→ Exercise prompt: Once you reach the line with "VITA PHYSIODENS® Die" in the material below, copy each line exactly up to and including the line with "Extreme close-up of", and skip the pictures.

→ Material for the task:
***

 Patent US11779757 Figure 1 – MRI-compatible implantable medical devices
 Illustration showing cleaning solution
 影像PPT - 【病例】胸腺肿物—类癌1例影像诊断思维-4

***

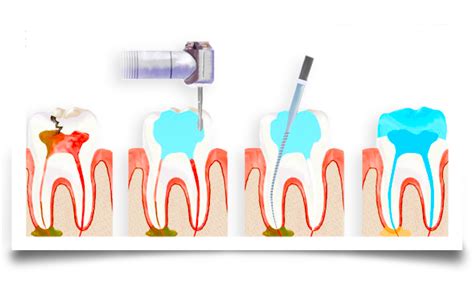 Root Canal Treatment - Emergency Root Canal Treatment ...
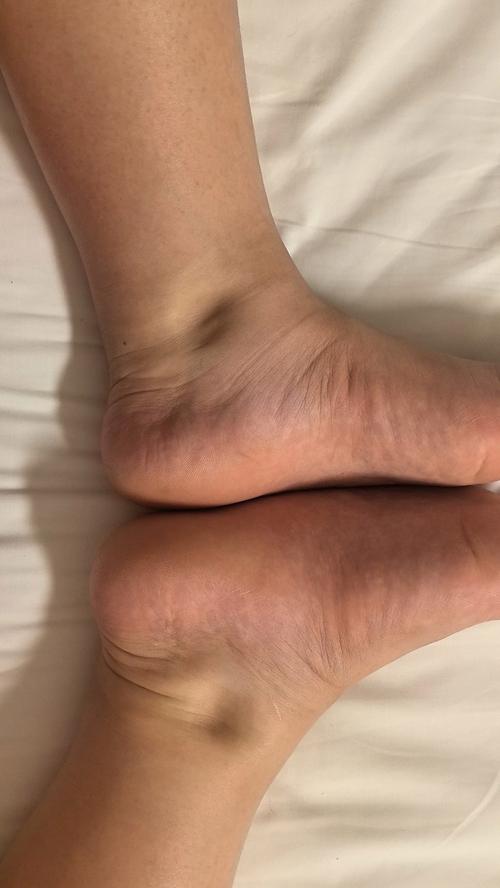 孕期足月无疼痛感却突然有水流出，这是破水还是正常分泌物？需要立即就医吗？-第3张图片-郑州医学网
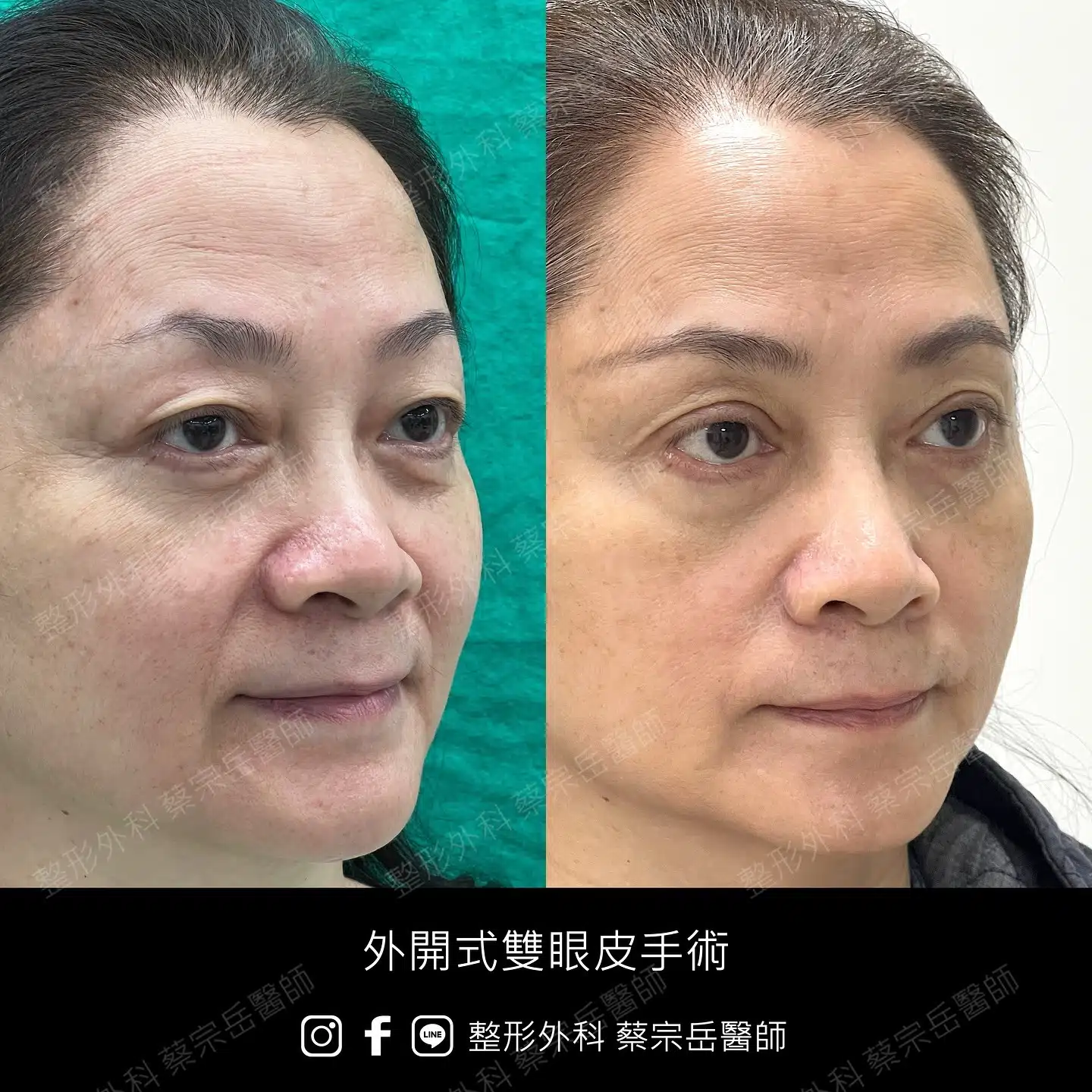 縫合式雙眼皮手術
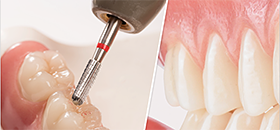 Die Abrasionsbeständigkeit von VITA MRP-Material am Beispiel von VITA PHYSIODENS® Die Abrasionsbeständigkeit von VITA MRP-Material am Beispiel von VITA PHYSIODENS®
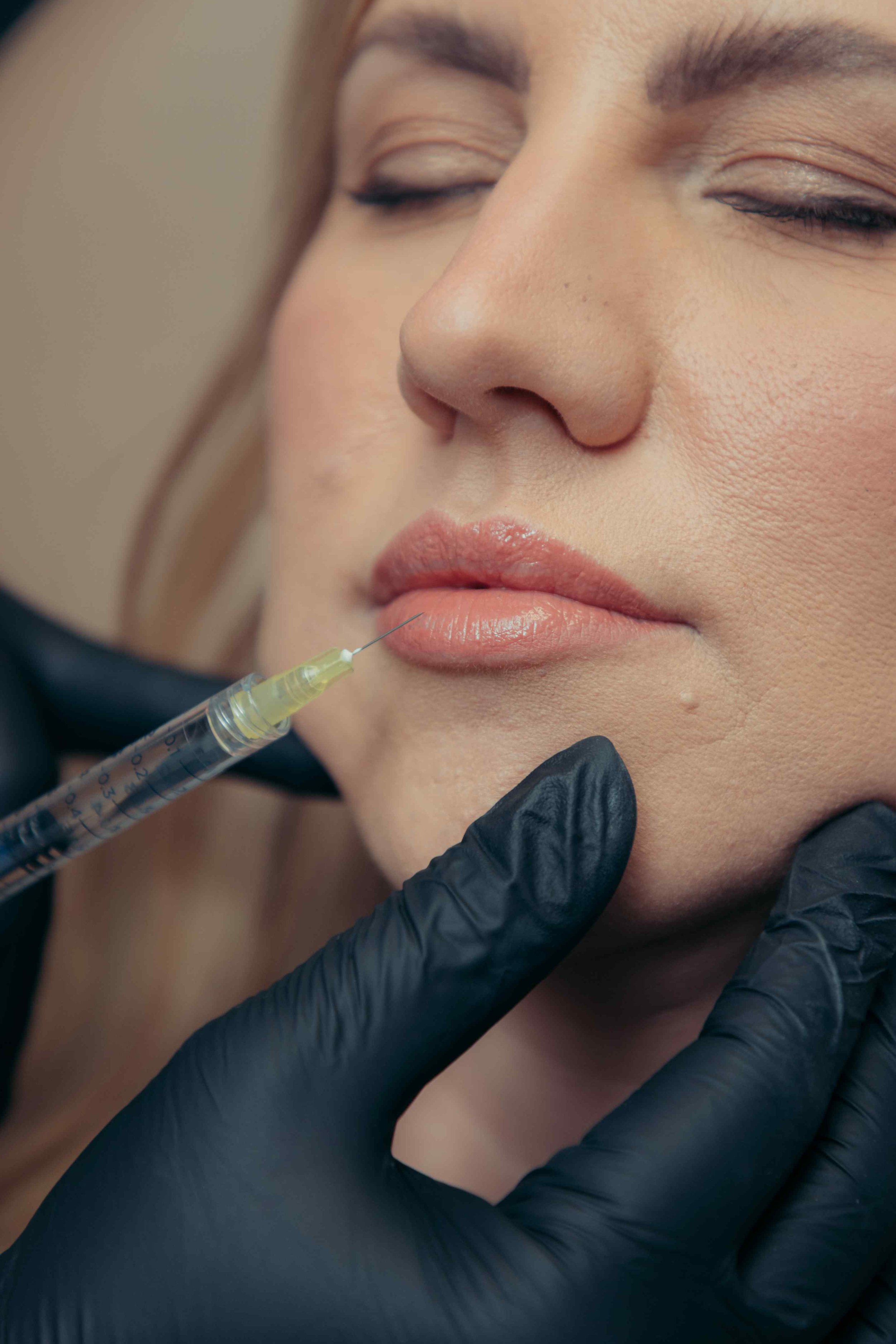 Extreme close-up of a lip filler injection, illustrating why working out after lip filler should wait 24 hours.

***

→ Written solution:
 Die Abrasionsbeständigkeit von VITA MRP-Material am Beispiel von VITA PHYSIODENS® Die Abrasionsbeständigkeit von VITA MRP-Material am Beispiel von VITA PHYSIODENS®
 Extreme close-up of a lip filler injection, illustrating why working out after lip filler should wait 24 hours.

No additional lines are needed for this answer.